Exercise data:
•••••
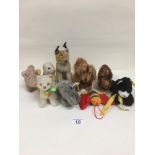 A GROUP OF VARIOUS VINTAGE STEIFF TOYS, INCLUDING "MINTY" LONG HAIRED DACHSHUND, PIG 1505/10,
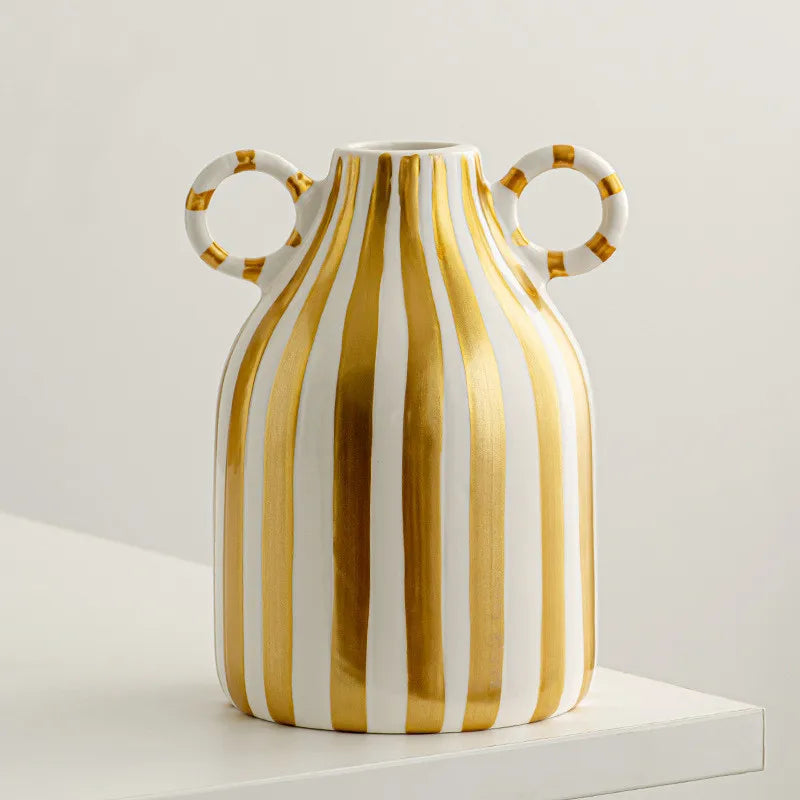DecorBites™ Abstract Ceramic Hydroponic Vase, Black & White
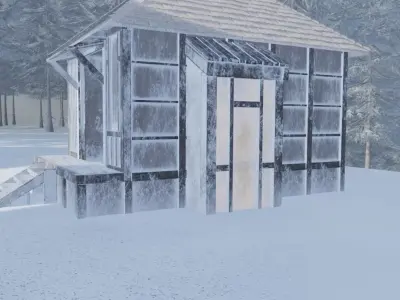 Winter Village By The Water 3D model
•••••
Work instruction:
With the pictures removed, set down every line of the listing above exactly.

Exercise result:
 A GROUP OF VARIOUS VINTAGE STEIFF TOYS, INCLUDING "MINTY" LONG HAIRED DACHSHUND, PIG 1505/10,
DecorBites™ Abstract Ceramic Hydroponic Vase, Black & White
 Winter Village By The Water 3D model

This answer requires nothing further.